Monday, September 10, 2012

Relationships, a River


When you meet someone, you’re jumping into a river.  The river runs with chemicals; they affect your emotions.  The water feels good; the water is happiness; it is pleasure.
Soon, as you float along the river, there is a fork.  To the left, a wide stream flows fast and deep into the great unknown.  To the right, a slight trickle flows over gently sloping ground, far into the distance until it disappears into the distant mist.
Here, a decision is before you: the slow, waning stream with not quite enough water to satisfy, or all that beautiful, gushing fluid in the main rush?  The current pulls you to the wide and the fast, so of course that is where you choose to go.
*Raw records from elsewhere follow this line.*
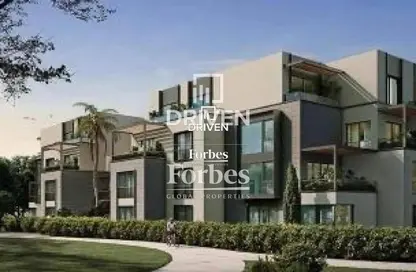 شقة - 2 حمامات للبيع في ماونتن فيو هايد بارك - كمبوندات التجمع الخامس - التجمع الخامس - مدينة القاهرة الجديدة - القاهرة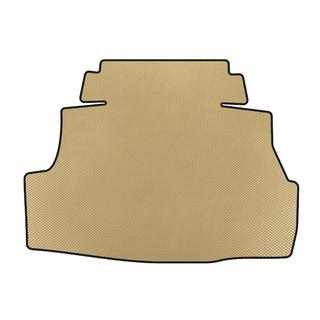 EVA Trunk Mat (SD, Beige)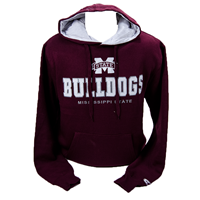 Colosseum Zone Ii Banner M Hooded Sweatshirt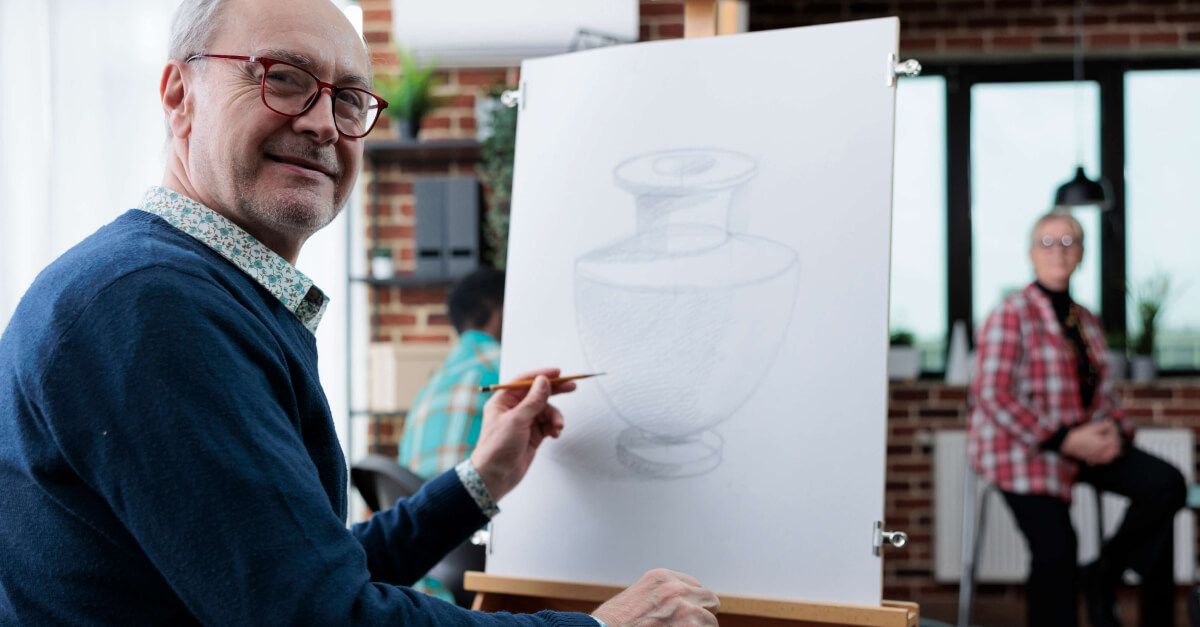 Co to jest lifelong learning - czy warto uczyć się przez całe życie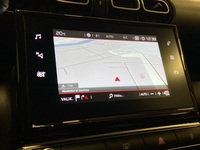 Citroën C3 Aircross vaihtoauto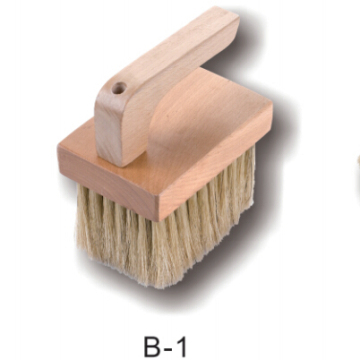 hot sell easy paint tool bristle hand brush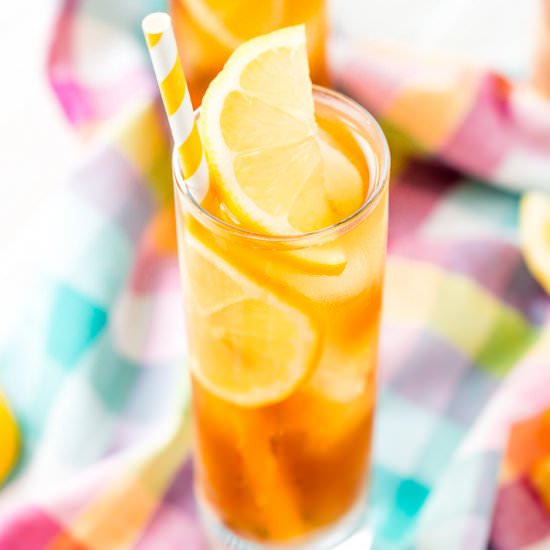 Classic Sweet Tea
It is pleasure beyond measure, plenty of water, plenty of love.  But your gushing river rounds a corner, turns sour, and pours into the ground, disappearing.  No more pleasure, no more love.  You can’t go back now, but you think about what could have been.
You could have fought your way down the trickle, drinking up all the water you could.  It would have been long and hard, but in good time you would have reached the sea.  There it is: the sea of limitless pleasure.  No boundaries, only happiness.
“I don’t know what his price would have been, but it would have been worth it.”